Add to that exotic tools that are difficult to administer and track load, and billing that is not very transparent. At AWS, it was a nearly impossible challenge to consider all factors when calculating future service costs. It was also quite easy to miss your limits. You would only find out about your mistake when getting an invoice from the provider.
The switch back to hardware was a solution dictated by our experience and the particular characteristics of our company. Our development and releases are quite predictable. When Ostrovok.ru is expecting seasonal growth or campaign influx, we provide for it by adding servers in advance. We can also discard surplus servers when the load decreases.
On the importance of support
I had experience of interaction with both foreign and Russian technical support.
Foreign support utilizes a simple logic: if you want support, you pay. If you want fast support, you pay even more. On top of that, at AWS, we had to pay for support for each of our accounts, as one subscription could not cover several accounts, even if related.
It may sound unbelievable, but Russian technical support works quicker. At Selectel, there is a chat in the control panel where you can contact a specialist and get an answer within a reasonable time. All that without extra subscriptions or premium accounts.
Also, after a few years being hosted at Selectel, we have been included in the list of the company’s key clients entitled to Customer care, a dedicated support hotline. We are immediately given updates on our issues, and we can get quick response at any time of day without having to wait for the official beginning of the shift.
The way support works is an important nuance. It’s one thing when a specialist can’t set up a service and he needs help. It’s a completely different matter when the service is simply new and there are errors on the provider’s side. We have encountered this over the years of being hosted at AWS. I feel that it’s wrong to charge for premium support if it’s the latter. After all, you end up paying to inform the cloud specialists about their own bugs.
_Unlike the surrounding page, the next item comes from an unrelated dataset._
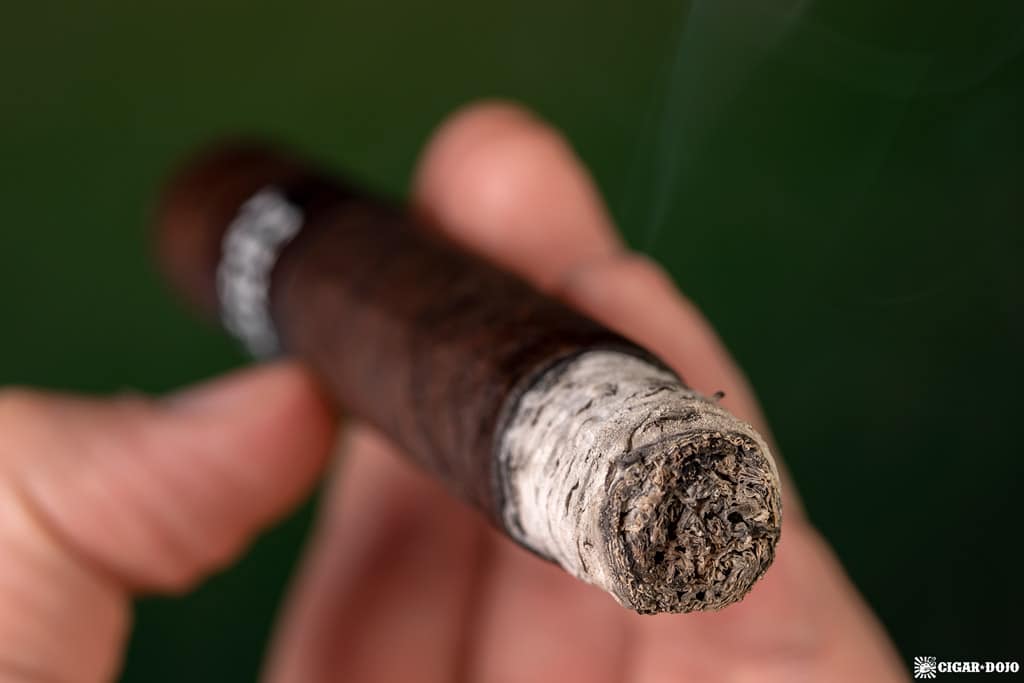 Factory Smokes Maduro by Drew Estate Toro cigar ash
On optimization during the pandemic
The load on our servers has decreased and so did hardware requirements. First off, we calculated the risks, figured out how many servers we’d need when users returned to the website, and ditched what we didn’t need.
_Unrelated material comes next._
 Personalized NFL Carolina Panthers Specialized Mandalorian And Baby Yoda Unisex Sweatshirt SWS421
The second step was to optimize expensive services. We finally had a clear incentive to “refactor” what we had long wanted to for the sake of both architecture and economy. As a result, several more servers were discarded.
Even before the coronavirus crisis, we were reviewing our solutions for efficiency. Therefore, the epidemic did not affect our optimization methods much. On the contrary, it confirmed that we had been doing everything right.
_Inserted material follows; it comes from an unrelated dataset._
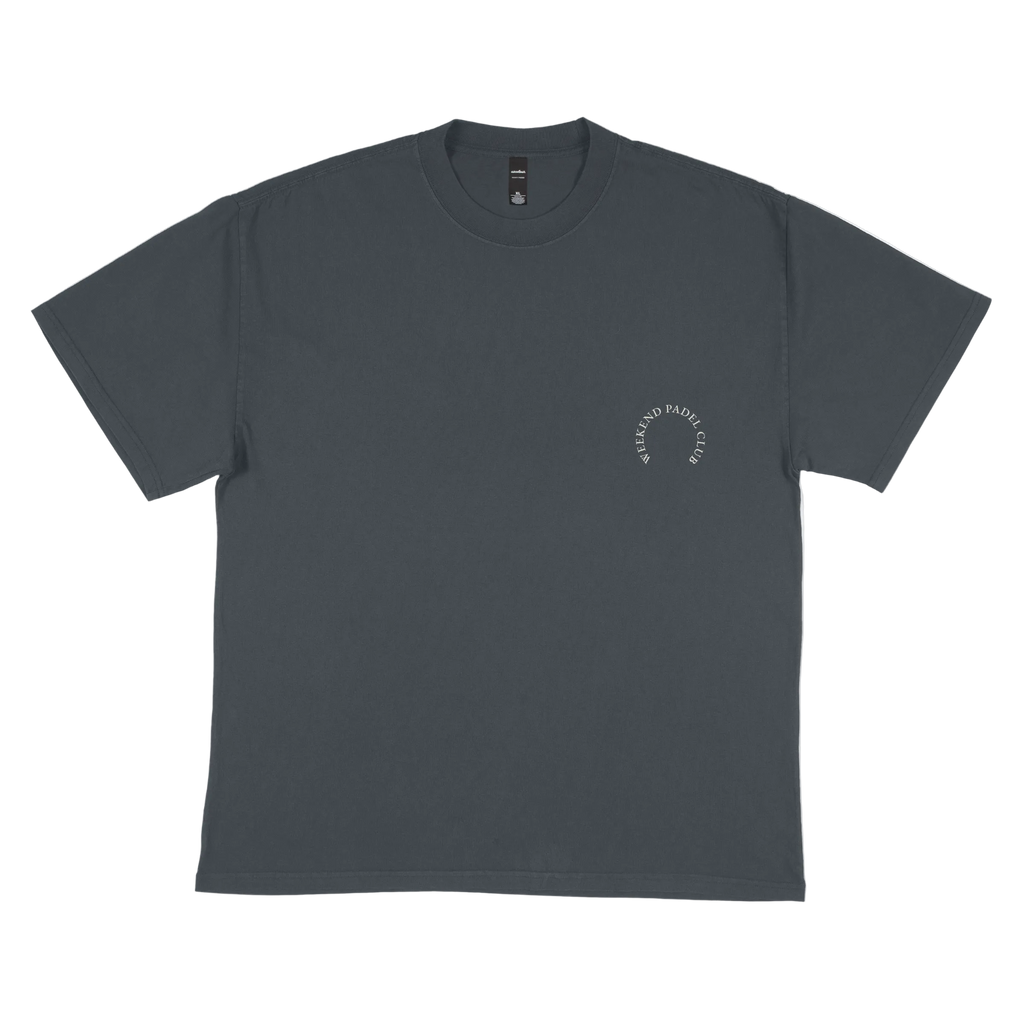 Gray t-shirt with a small logo on a white background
If you’re thinking about changing your hosting provider, here’s what you should pay attention to:
- Outline the problem you want to solve. Once you are aware of it, calculate the economic feasibility. It consists of both direct service costs and the time your employees spend on administration.
- With a clear goal in mind, you can start exploring the market, finding the company that would help you solve your problems perfectly. If there are several options, judge by the quality and responsiveness of technical support.
- If your business is aimed at the Russian market, consider the domestic providers. This way, service costs will depend less on currency fluctuations.
- At least once in six months, you need to reassess whether your services are efficient and in optimal shape. Do not postpone optimization. Continuous improvement of the architecture will make your business more resilient in emergency situations.
Ostrovok.ru is an online hotel reservation service. The company offers over 1,300,000 accommodation options in hotels, hostels, and apartments from direct suppliers and major partners. Ostrovok.ru is a part of Emerging Travel Group, which manages four travel brands: Ostrovok, B2B.Ostrovok, ZenHotels, and RateHawk.